I recently started playing with a cover band and they and they have me playing all types of music I don't like. This Sam Roberts song is one of them. The funny thing is that now I am trying to figure out the guitar parts, I have grown to really like this song. One thing I am having trouble with is the other guitar player in our band is going up and down the neck when playing this song but Sam himself seems to be staying down the neck with open chords. Do you guys know how he's playing here? 

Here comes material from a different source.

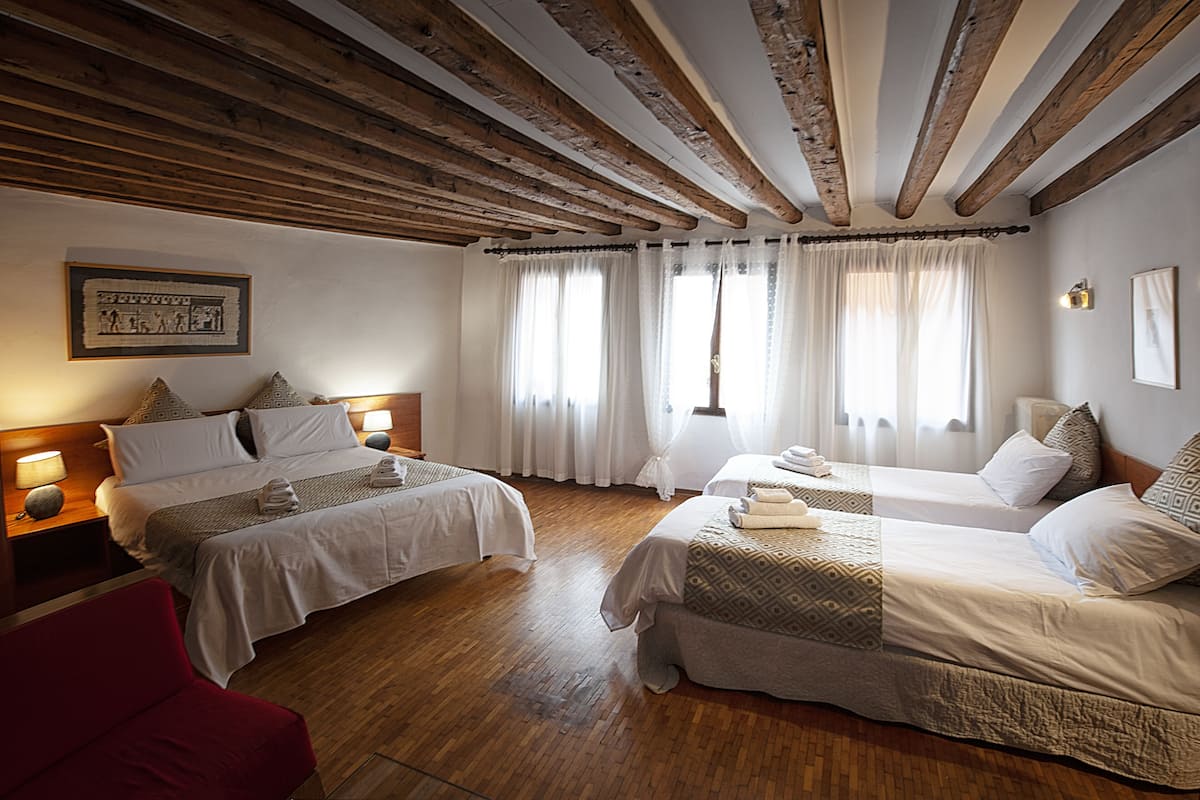 Een hotelkamer met twee bedden, houten balken in het plafond en een rode stoel.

I think the chords he is using are the F, C and G. For the F I think its the top 2 strings, the C is a normal open C and the G is the bottom 4 strings. It hurts like hell but sounds better to me than the other way the guitar player showed me.


----------



## fredyfreeloader (Dec 11, 2010)

I have a hell of a time now playing in the area of the 1,2,3 and 4 frets that's because of an injury that limits the ability to spread my fingers the way used to. I have found I can get similar sounds farther up the fret board where I can play without stretching my fingers so far apart. For me the day of the 6 string bar chords all over the fretboard are gone forever but I am finding a large array of smaller chords that will suit my needs just fine. Sometimes the only way to succeed is to compromise a little, anyway keep trying. As they say practice makes perfect or it pisses you off and you learn to play it a different way.


----------



## davetcan (Feb 27, 2006)

http://tabs.ultimate-guitar.com/s/sam_roberts/dont_walk_away_eileen_tab.htm


I'd probably play it this way. (this is not me)

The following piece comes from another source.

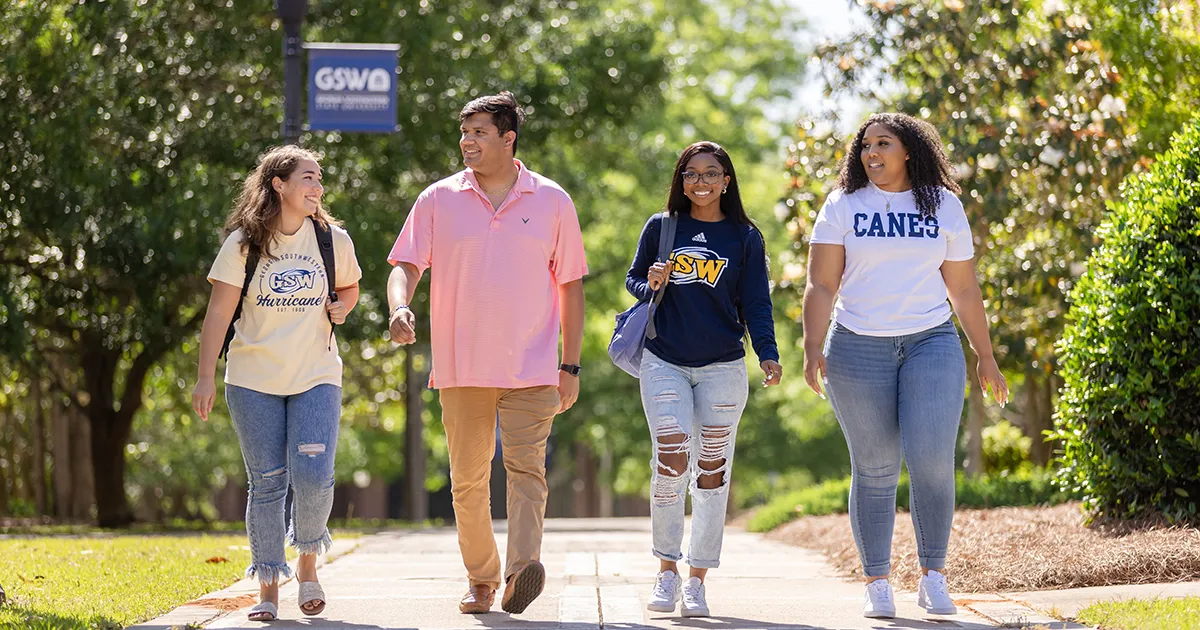 four students walking on campus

[video=youtube;qZbWRTM-n8U]http://www.youtube.com/watch?v=qZbWRTM-n8U[/video]


----------



## Adcandour (Apr 21, 2013)

davetcan said:


> http://tabs.ultimate-guitar.com/s/sam_roberts/dont_walk_away_eileen_tab.htm
> 
> 
> I'd probably play it this way. (this is not me)
> ...


Minus the aloofness

Btw, Sam Roberts is one of the more refreshing rockers out there. I urge you to listen to his first 3 albums.

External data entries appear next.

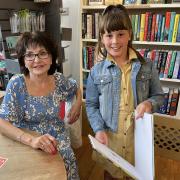 Suzan Alderton with young reader Nanci Brown
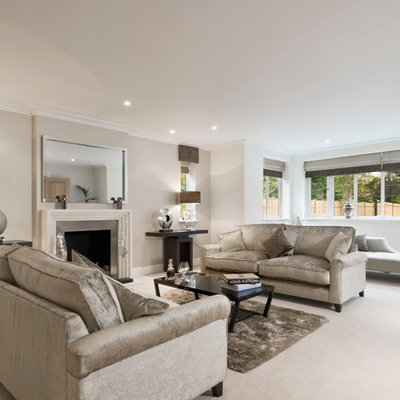 Example of a mid-sized trendy formal carpeted and beige floor living room design in Buckinghamshire with beige walls, a standard fireplace, a metal fireplace and no tv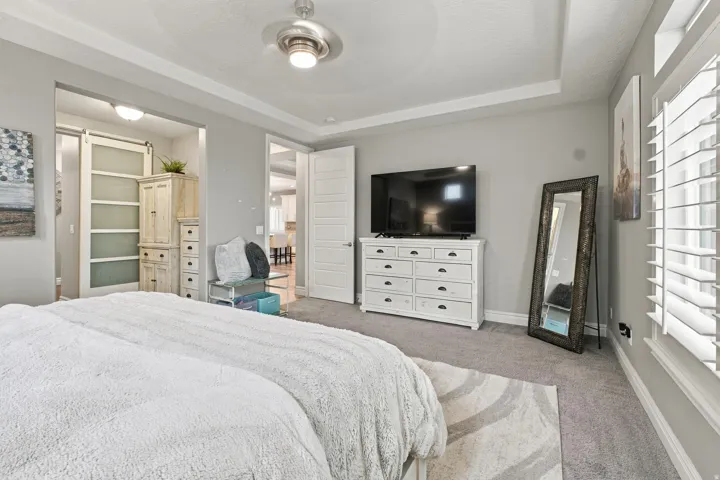 Tray ceiling with a ceiling fan, plantation shutters, and carpeted flooring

Imo, a good song gets better when you hear again and again. One hit wonders usually appeal to people off the bat.

Re the song: I'll check out my tab pro later today and see how it's done and let you know.


----------



## davetcan (Feb 27, 2006)

I agree, big fan of much of his stuff. Not sure if that's a good thing or a bad thing from Sam's point of view, given I'm an old fart 



adcandour said:


> Minus the aloofness
> 
> Btw, Sam Roberts is one of the more refreshing rockers out there. I urge you to listen to his first 3 albums.
> 
> ...


----------



## dcole (Oct 8, 2008)

That don't sound to bad. I've been playing it with the barred C at the 3rd fret, the barred F at the 1st fret and the open G chord. It sounds good. I've found multiple ways to play this but I wish I could meet Mr. Roberts and have him show me how he plays it. It looks like he plays in the open position and the other guitar player goes up the neck.



davetcan said:


> http://tabs.ultimate-guitar.com/s/sam_roberts/dont_walk_away_eileen_tab.htm
> 
> 
> I'd probably play it this way. (this is not me)
> ...


----------